■ **REQUIRED ACTION**
Retype the material that follows exactly, limited to the lines from the one with "Vooraanzicht van VOLLMER QW72 P machine" through the one with "1435 Wheatfield Dr, Lawrenceville, GA 30043", and keep out all pictures.

■ **MATERIAL TO PROCESS**
=== Begin Enclosure ===
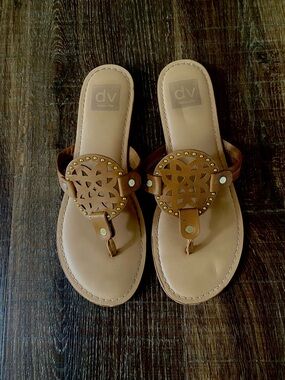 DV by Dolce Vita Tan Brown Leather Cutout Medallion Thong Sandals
=== End Enclosure ===
=== Begin Enclosure ===
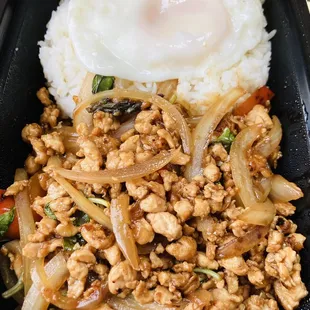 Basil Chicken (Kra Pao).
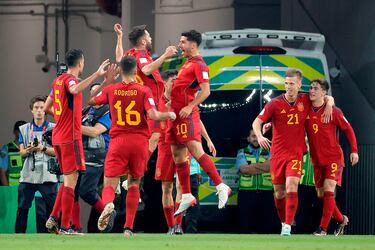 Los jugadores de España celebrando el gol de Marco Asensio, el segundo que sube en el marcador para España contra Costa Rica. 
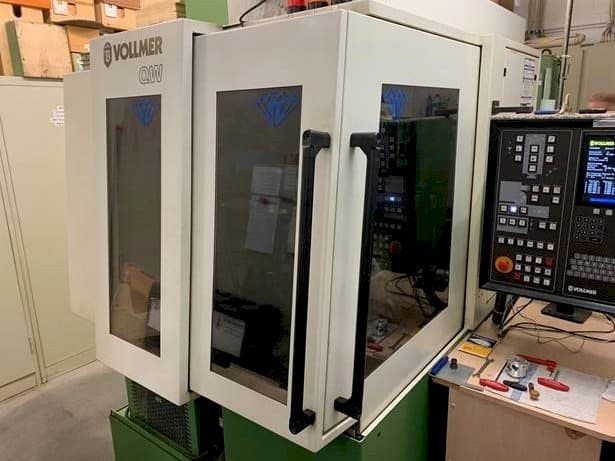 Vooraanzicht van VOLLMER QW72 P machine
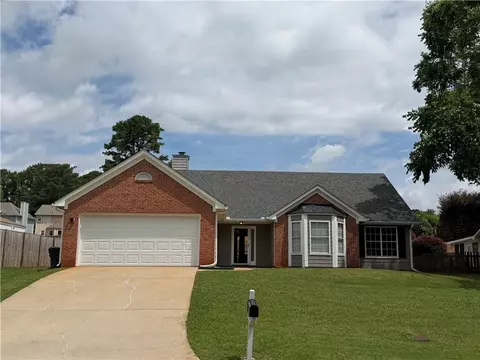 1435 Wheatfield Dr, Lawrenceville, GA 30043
=== End Enclosure ===
■ **RESULT FOR THIS TASK**
 Vooraanzicht van VOLLMER QW72 P machine
 1435 Wheatfield Dr, Lawrenceville, GA 30043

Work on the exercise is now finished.